HOW TO COMPLETE THIS TASK
Repeat exactly what runs from the line containing "[BUNJANG] PXG Golf" through the last line of the material below. Do not copy the pictures.

SOURCE MATERIAL
* * *
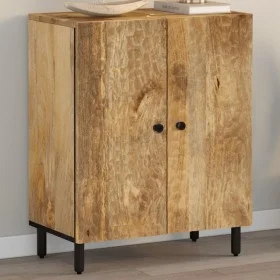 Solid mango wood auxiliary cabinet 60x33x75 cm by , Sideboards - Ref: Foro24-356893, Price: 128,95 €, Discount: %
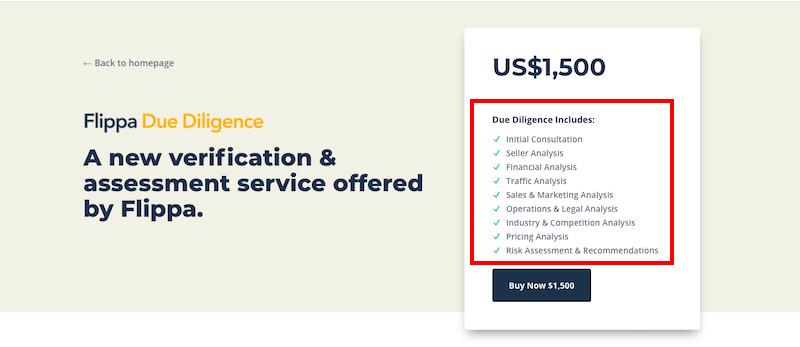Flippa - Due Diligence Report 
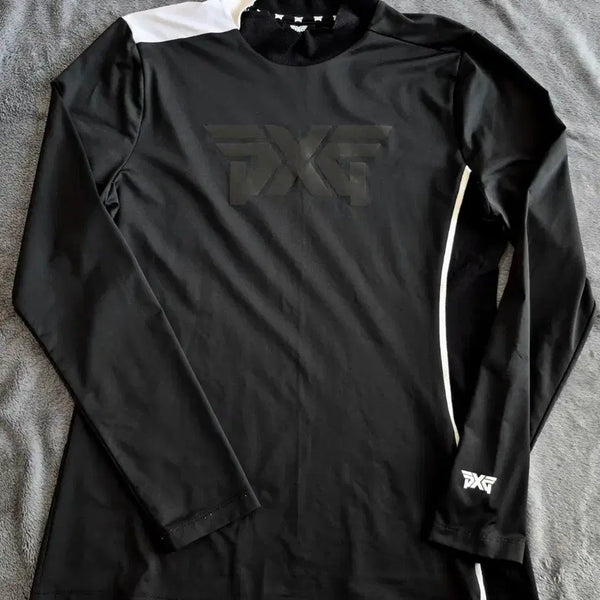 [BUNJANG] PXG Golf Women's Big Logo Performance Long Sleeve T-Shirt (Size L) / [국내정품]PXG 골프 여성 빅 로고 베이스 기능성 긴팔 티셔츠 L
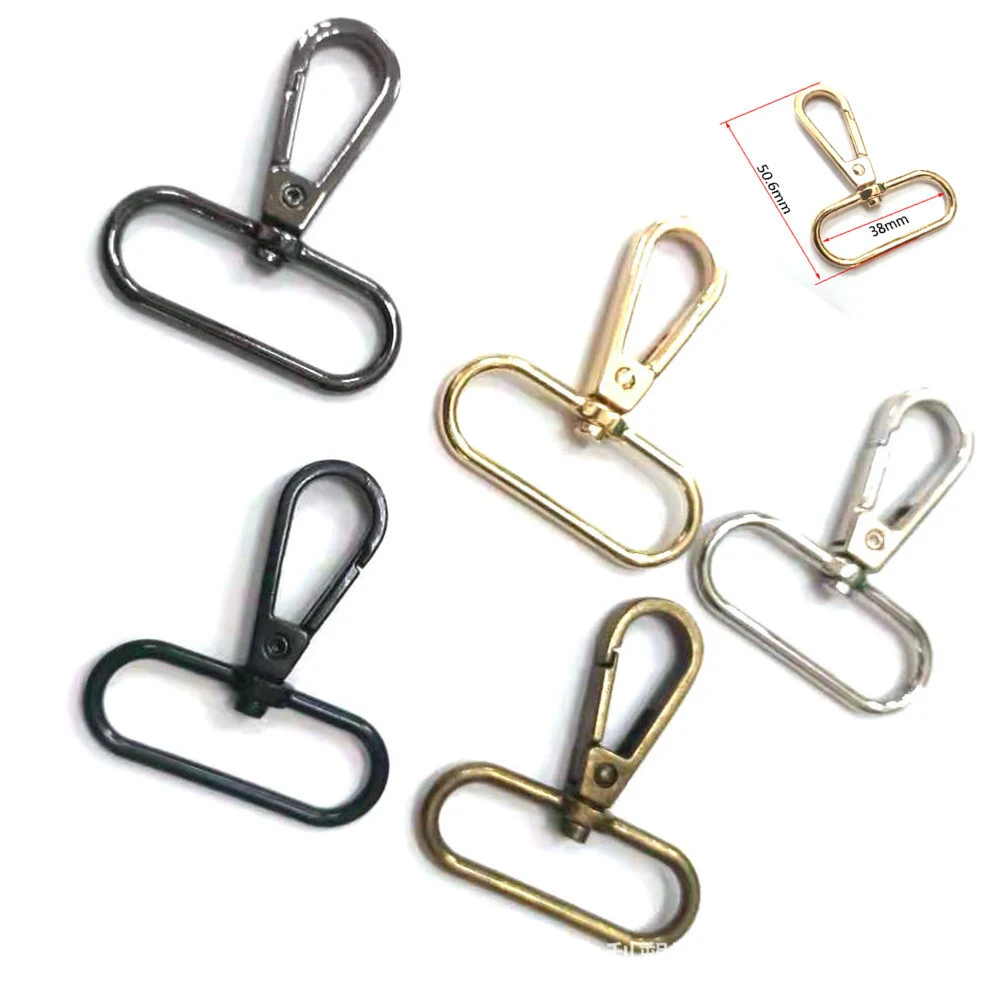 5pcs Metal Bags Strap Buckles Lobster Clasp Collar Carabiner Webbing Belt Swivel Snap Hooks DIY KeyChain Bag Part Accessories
* * *
SOLUTION FOR THIS TASK
 [BUNJANG] PXG Golf Women's Big Logo Performance Long Sleeve T-Shirt (Size L) / [국내정품]PXG 골프 여성 빅 로고 베이스 기능성 긴팔 티셔츠 L
 5pcs Metal Bags Strap Buckles Lobster Clasp Collar Carabiner Webbing Belt Swivel Snap Hooks DIY KeyChain Bag Part Accessories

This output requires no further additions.